**Goal of the exercise:** Each line of the records containing "sale" is to be copied out and returned.
Records provided section start
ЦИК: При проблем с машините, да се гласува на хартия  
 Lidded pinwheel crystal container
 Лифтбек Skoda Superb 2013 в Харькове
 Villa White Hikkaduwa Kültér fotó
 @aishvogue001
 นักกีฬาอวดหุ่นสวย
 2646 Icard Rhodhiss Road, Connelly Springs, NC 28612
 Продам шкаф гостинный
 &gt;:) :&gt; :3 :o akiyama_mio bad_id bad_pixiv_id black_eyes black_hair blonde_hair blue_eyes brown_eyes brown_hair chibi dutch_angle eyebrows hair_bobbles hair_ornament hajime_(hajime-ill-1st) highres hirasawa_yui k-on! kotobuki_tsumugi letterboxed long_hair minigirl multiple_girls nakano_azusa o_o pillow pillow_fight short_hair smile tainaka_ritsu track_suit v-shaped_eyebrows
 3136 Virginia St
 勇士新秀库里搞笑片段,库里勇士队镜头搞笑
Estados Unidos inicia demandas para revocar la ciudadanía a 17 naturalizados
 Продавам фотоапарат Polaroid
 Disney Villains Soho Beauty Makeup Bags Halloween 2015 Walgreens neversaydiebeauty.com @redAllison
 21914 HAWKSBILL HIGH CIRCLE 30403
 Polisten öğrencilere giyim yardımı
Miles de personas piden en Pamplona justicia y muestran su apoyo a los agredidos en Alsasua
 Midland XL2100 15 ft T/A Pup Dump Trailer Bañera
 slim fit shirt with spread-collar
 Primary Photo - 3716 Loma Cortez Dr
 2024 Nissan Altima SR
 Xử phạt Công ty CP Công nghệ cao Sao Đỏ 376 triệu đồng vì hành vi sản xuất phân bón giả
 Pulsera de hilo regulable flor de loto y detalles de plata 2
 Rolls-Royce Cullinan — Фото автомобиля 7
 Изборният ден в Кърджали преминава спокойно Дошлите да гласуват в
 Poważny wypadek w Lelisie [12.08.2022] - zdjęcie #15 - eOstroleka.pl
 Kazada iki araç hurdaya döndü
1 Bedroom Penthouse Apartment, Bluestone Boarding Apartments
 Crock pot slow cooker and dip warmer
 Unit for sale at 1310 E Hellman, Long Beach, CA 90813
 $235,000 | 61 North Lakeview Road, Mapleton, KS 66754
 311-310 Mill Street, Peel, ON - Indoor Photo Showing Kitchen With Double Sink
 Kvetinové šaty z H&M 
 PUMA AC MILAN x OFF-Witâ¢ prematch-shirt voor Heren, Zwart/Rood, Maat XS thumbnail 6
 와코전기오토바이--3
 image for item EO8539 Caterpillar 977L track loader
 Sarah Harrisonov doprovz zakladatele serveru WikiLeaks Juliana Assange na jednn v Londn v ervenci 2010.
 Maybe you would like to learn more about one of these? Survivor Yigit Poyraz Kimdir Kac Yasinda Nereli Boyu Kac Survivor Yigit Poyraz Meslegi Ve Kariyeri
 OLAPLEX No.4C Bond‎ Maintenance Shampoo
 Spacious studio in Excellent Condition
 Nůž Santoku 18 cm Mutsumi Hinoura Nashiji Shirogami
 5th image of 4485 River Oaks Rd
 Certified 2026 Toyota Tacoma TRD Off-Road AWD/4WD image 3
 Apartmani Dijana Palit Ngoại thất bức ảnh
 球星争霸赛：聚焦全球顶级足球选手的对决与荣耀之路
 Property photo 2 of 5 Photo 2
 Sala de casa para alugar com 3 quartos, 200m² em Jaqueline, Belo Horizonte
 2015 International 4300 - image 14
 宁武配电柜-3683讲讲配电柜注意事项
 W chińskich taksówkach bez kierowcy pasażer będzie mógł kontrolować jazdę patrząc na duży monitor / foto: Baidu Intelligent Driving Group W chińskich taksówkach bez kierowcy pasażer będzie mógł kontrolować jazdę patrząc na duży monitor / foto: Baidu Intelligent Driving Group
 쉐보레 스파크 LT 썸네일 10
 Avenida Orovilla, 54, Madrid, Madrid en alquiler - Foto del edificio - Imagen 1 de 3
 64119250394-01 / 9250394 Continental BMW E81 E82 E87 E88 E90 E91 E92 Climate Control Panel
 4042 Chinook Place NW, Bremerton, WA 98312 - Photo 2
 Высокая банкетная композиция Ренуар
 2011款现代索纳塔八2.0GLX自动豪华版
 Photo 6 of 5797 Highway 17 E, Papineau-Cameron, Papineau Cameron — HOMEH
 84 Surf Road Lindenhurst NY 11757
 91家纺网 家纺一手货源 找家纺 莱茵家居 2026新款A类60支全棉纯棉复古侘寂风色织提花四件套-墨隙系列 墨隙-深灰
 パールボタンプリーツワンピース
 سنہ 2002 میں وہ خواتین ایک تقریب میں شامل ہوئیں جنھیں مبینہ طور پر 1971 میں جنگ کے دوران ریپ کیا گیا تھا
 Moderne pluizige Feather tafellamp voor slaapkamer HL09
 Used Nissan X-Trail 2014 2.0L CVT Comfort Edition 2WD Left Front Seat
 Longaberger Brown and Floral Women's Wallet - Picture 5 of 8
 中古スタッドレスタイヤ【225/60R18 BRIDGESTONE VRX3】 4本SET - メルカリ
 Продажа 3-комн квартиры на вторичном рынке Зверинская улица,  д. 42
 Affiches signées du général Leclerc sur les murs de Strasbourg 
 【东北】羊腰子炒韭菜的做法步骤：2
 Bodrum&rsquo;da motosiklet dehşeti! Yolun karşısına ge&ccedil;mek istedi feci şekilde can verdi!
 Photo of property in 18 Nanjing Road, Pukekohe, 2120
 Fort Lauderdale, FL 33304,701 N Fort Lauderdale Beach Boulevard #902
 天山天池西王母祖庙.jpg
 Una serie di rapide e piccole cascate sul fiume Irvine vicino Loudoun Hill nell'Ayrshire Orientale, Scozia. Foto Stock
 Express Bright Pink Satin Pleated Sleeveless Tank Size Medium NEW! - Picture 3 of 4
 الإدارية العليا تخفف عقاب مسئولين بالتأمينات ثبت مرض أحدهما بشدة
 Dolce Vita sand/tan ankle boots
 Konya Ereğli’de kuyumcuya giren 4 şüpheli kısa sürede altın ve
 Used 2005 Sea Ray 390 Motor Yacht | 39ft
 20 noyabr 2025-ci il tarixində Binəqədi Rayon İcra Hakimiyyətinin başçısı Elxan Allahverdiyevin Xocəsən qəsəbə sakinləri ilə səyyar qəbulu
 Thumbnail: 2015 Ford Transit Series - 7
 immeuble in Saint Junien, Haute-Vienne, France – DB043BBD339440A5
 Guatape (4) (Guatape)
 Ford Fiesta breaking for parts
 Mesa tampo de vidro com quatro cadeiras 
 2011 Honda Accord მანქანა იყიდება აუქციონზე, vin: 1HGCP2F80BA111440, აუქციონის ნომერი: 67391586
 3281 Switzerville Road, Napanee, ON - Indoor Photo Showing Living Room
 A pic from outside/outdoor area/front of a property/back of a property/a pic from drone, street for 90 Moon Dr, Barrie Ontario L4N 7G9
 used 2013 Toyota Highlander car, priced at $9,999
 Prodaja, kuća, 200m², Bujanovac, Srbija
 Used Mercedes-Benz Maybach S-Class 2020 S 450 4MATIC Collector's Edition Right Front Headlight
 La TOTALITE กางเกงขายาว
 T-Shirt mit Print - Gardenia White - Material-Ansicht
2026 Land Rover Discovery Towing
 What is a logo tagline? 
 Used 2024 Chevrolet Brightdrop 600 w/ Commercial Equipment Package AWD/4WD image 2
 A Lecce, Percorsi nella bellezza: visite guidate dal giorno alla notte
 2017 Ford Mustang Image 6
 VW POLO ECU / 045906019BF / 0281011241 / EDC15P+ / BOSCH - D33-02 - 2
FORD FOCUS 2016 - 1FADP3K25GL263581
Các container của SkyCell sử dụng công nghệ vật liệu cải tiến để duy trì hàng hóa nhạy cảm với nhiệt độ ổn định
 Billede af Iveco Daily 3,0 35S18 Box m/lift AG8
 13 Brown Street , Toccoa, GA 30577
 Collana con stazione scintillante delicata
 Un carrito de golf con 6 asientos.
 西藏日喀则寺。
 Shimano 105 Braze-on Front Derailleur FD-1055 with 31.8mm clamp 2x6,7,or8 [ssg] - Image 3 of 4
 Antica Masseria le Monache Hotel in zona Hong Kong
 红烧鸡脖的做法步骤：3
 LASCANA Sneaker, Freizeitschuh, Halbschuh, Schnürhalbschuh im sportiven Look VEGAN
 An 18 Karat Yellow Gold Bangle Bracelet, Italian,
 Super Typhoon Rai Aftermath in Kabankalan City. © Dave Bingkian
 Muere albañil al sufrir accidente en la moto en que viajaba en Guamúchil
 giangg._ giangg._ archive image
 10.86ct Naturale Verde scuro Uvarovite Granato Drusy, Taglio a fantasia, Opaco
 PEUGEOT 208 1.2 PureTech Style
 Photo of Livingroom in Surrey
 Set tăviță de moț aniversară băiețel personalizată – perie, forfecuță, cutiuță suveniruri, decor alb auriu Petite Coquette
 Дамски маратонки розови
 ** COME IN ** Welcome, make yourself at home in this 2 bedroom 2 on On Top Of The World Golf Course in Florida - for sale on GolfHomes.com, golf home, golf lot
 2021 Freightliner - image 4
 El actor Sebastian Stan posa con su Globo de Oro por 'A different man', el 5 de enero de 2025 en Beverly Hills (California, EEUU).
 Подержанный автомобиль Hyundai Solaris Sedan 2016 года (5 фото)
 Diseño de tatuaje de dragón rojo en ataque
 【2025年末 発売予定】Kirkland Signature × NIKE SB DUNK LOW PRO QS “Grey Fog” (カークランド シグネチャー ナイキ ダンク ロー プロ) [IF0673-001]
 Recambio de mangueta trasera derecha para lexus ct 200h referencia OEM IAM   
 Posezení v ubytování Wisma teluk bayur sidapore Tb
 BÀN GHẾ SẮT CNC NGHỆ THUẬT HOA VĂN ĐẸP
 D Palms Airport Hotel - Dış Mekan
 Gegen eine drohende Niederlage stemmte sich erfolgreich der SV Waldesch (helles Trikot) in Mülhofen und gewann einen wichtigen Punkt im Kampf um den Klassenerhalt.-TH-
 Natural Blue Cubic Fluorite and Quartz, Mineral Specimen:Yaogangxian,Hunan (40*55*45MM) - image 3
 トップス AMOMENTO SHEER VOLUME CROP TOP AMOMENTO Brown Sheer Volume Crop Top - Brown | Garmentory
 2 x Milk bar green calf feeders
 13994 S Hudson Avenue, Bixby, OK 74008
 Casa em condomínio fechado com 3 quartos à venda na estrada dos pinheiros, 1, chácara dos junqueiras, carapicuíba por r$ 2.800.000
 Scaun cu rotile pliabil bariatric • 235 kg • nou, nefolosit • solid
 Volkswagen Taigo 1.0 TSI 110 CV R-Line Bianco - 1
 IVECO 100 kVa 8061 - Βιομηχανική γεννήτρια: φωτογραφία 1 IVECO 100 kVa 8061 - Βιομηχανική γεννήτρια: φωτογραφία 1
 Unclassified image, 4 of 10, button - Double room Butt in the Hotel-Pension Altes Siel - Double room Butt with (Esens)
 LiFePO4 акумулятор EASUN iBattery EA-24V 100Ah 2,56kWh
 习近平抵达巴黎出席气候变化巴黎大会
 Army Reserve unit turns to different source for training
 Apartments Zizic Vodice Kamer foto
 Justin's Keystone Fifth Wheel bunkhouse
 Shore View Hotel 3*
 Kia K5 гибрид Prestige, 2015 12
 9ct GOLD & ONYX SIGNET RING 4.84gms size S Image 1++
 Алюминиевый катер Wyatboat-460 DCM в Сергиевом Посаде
Records provided section end
**Answer for this exercise:**
 Unit for sale at 1310 E Hellman, Long Beach, CA 90813
 ** COME IN ** Welcome, make yourself at home in this 2 bedroom 2 on On Top Of The World Golf Course in Florida - for sale on GolfHomes.com, golf home, golf lot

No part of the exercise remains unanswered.